# **Parquet**

## **Introduction**

It is an open source, column-oriented data file format designed for efficent data storage and retrivel. It provides efficent data compression and encoding schemes with enhanced performance to handle complex data in bulk. Parquet is available in multiple languages including Java, C++, Python etc..

### **What does it mean Column-Oriented?**

This means that data is stored by column by column instead of row by row.

***Example:***

ID     → [1, 2, 3]

Name   → [John, Anna, Peter]

Age    → [30, 28, 35]

Salary → [50000, 60000, 70000]

### **Characteristics:**


*   Excellent for analysis(OLAP)
*   Extremely fast for aggregations and filters
*  High compression efficency

### **What Does “Efficient Data Storage and Retrieval” Mean?**

It means that storing data using minimum space and retrieving only the required data in the fastest possible time.

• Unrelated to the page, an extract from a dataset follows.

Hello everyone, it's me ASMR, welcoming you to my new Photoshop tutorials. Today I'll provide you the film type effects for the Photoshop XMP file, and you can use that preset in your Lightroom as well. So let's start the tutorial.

* **Efficient Storage** → Less disk, less memory, less cost.

* **Efficient Retrieval** → Faster reading, lower latency, higher performance


***Storage Comparison***

Format	File Size

***CSV*** :	1 GB

***JSON*** :	1.2 GB

***Excel*** :	900 MB

***Parquet*** :	150–300 MB


### **Who support Parquet**

* Appache Spark
* Hive
* Flink
* Presto DB







In [2]:
# Exporting csv file to Parquet using pandas

import pandas as pd

# Initializing the file path
csv_file_path = r"/content/car_data.csv"

# Reading the csv file and converted to a dataframe
dataframe = pd.read_csv(csv_file_path)

dataframe.to_parquet(r"/content/car_data.parquet", engine="pyarrow", compression="snappy")

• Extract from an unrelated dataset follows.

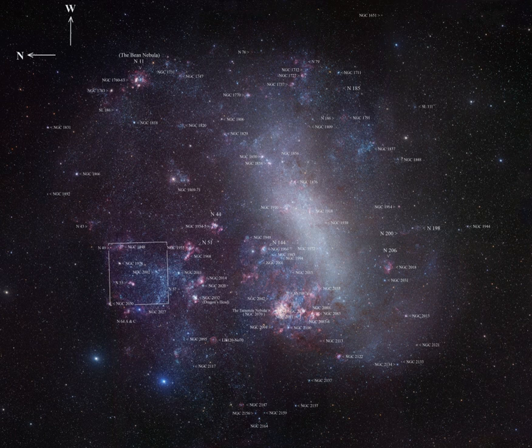The Large Magellanic Cloud has a prominent central bar and a spiral arm. The central bar seems to be warped so that the east and west ends are nearer the Milky Way than the middle.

print("CSV file converted to Parquet file")






CSV file converted to Parquet file


In [3]:
# Need to verify the parquest file

parquest_file_validation = pd.read_parquet(r"/content/car_data.parquet")

parquest_file_validation.head()

Unnamed: 0,Make,Model,Year,Engine Fuel Type,Engine HP,Engine Cylinders,Transmission Type,Driven_Wheels,Number of Doors,Market Category,Vehicle Size,Vehicle Style,highway MPG,city mpg,Popularity,MSRP
0,BMW,1 Series M,2011,premium unleaded (required),335.0,6.0,MANUAL,rear wheel drive,2.0,"Factory Tuner,Luxury,High-Performance",Compact,Coupe,26,19,3916,46135
1,BMW,1 Series,2011,premium unleaded (required),300.0,6.0,MANUAL,rear wheel drive,2.0,"Luxury,Performance",Compact,Convertible,28,19,3916,40650
2,BMW,1 Series,2011,premium unleaded (required),300.0,6.0,MANUAL,rear wheel drive,2.0,"Luxury,High-Performance",Compact,Coupe,28,20,3916,36350
3,BMW,1 Series,2011,premium unleaded (required),230.0,6.0,MANUAL,rear wheel drive,2.0,"Luxury,Performance",Compact,Coupe,28,18,3916,29450
4,BMW,1 Series,2011,premium unleaded (required),230.0,6.0,MANUAL,rear wheel drive,2.0,Luxury,Compact,Convertible,28,18,3916,34500


In [4]:
# Need to check the file Size Reduction

import os

csv_size = os.path.getsize(r"/content/car_data.csv") / (1024**2)
parquet_size = os.path.getsize(r"/content/car_data.parquet") / (1024**2)

print(f"CSV size     : {csv_size:.2f} MB")
print(f"Parquet size : {parquet_size:.2f} MB")


CSV size     : 1.41 MB
Parquet size : 0.12 MB


## **Advantage of Using Parquet File format**

| Benefit     | Result                     |
| ----------- | -------------------------- |
| Storage     | 70–90% reduction           |
| Speed       | 10–30x faster reads        |
| ML training | Faster dataset loading     |
| Cloud cost  | Lower storage + query cost |


# **Conclusion**

Apache Parquet is a highly efficient, column-oriented file format designed to optimize both data storage and retrieval, making it ideal for large-scale analytics and data science workflows. By storing data column-wise, applying advanced compression techniques, and enabling selective column reading, Parquet significantly reduces file size and improves query performance compared to traditional row-based formats like CSV and Excel. Converting CSV files into Parquet using Python not only saves storage space but also accelerates data processing, analytics, and machine learning pipelines. As a result, Parquet has become the industry standard for big data processing, cloud data lakes, and high-performance analytical systems.